Kulirik arloji menunjukkan angka 12.30.
Kulihat “digital display”, penghitung mundur yang berfungsi menunjukkan berapa lama seorang pengendara harus berhenti, masih menunjukkan angka 250 dari 300 detik. Sepertinya, “count down digital display” di perempatan antara jalan Magelang dan Godean ini, merupakan hitungan mundur terpanjang di Yogyakarta, sekitar 300 detik alias 5 menit.
“Huhhh”, kembali aku menggerutu dalam hati, kenapa dinas perhubungan hanya memasang papan “display” digital, kenapa tidak sekalian memasang televisi besar dengan “sound system” yang ok. Jadi, kalau lampu merah menyala, maka televisi juga ikut menyala menayangkan hiburan gratis bagi para pengguna jalan. Misalkan, secara otomatis televisi itu menayangkan Soneta Group yang mendendangkan lagu “Santai” atau Rosa yang menyanyikan lagu “Ku Menunggu”.
Tentunya, lagu atau hiburan yang diputar di lampu merah itu bukan sembarang lagu. Lagu “santai” dari bang Roma atau “Ku menungu” dari tante Rosa sangat layak untuk diputar karena mengandung makna filosofis agar para pengendara santai dan tidak tegang dan rela bersabar menunggu lampu merah menjadi hijau meski hitungan mundurnya dimulai dari angka 300 detik. Hitungan mundur di atas 200 detik jelas bisa berpotensi membuat pengendara motor atau mobil butut yang tak ber-AC terserang “strok” karena khawatir mobilnya tiba-tiba mogok.

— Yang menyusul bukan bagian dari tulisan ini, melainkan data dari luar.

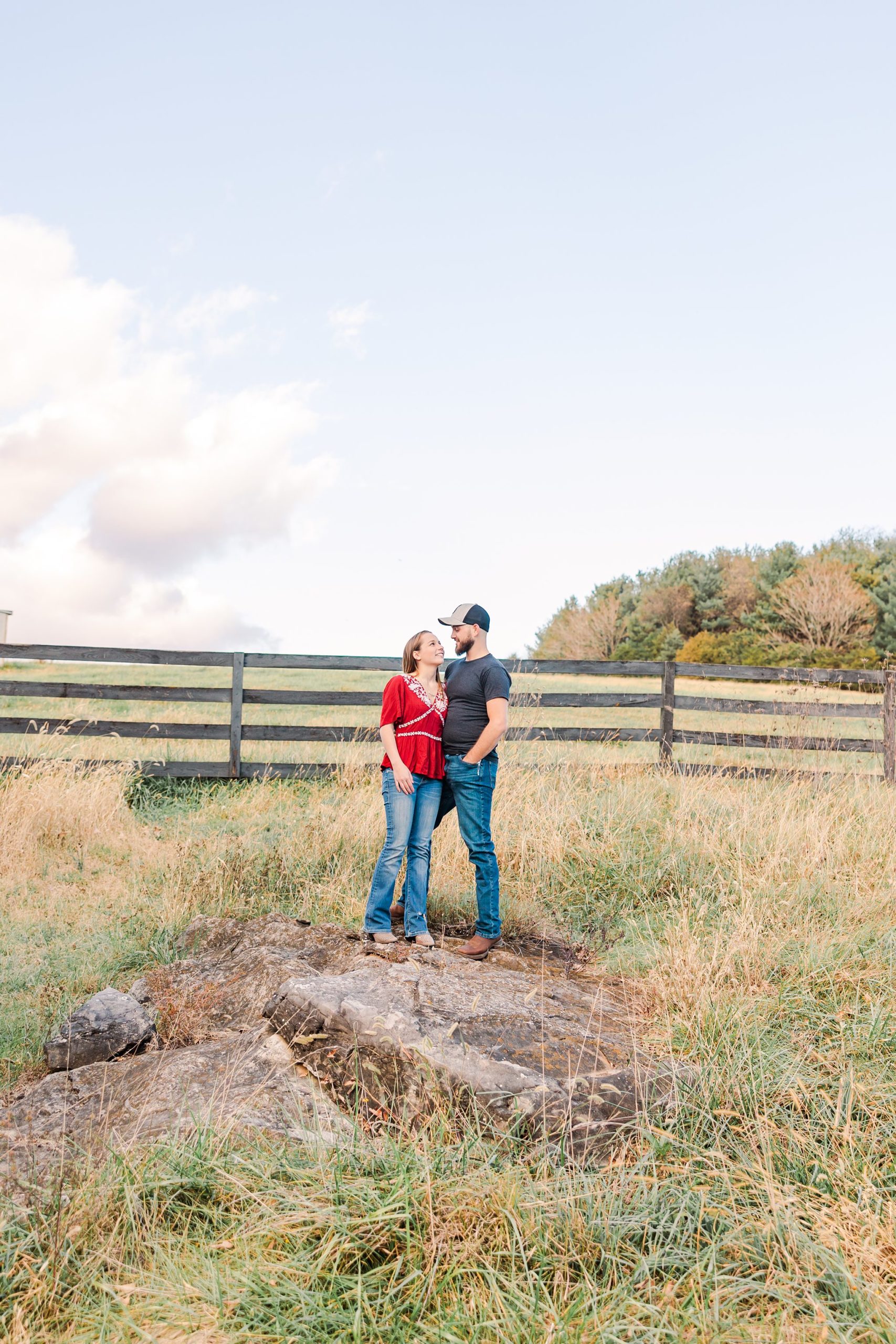 engaged couple on rock in field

Lagu-lagu yang berpotensi menyulut emosi seperti “Kill Them All” dari Metallica, “We are the Champion” dari Queen yang biasa dipakai dalam kompetisi olahraga balap motor, atau lagu campursari “Minggat, Ndang Balio Sri” yang menceritakan seorang istri yang pergi tanpa pamit sebaiknya tidak diputar di layar hiburan itu, karena dikhawatirkan dapat meningkatkan emosi negative dan “adrenalin” para pengendara. Bisa dibayangkan bila semua pengendara berlagak seperti pembalap “Road Race” atau pembalap F1.
Ya, seperti yang telah diterapkan oleh beberapa pemerintah daerah, layar elektronik besar seperti di Bundaran HI Jakarta Pusat, perempatan Gardu Listrik di Malioboro Yogyakarta, Simpang Lima Semarang atau di beberapa tempat strategis di kota-kota besar lainnya tentu dapat mengendorkan ketegangan para pengendara di tengah “kesemrawutan” lalu lintas. Tapi, sekarang, layar-layar besar itu tidak berfungsi.
Sayangnya, selain sering mati, iklan-iklan yang ditayangkan di layar raksasa itu biasanya semakin membikin para pengendara pusing. Jujur saja, mayoritas pengguna jalan raya biasanya “integral” dengan kondisi sosio-ekonomi mayoritas masyarakat kita yang kebanyakan berasal dari kelas menengah ke bawah.
Maka, bisa jadi iklan mobil mewah yang harganya di atas 500jt dapat membuat jengkel para pengendara motor atau pengendara mobil butut yang kepanasan karena ACnya mati atau semakin menumbuhkan rasa frustasi para pengendara motor “se-umur hidup” karena kebanyakan dari mereka “optimis” tidak bakalan mampu membeli mobil mewah tersebut.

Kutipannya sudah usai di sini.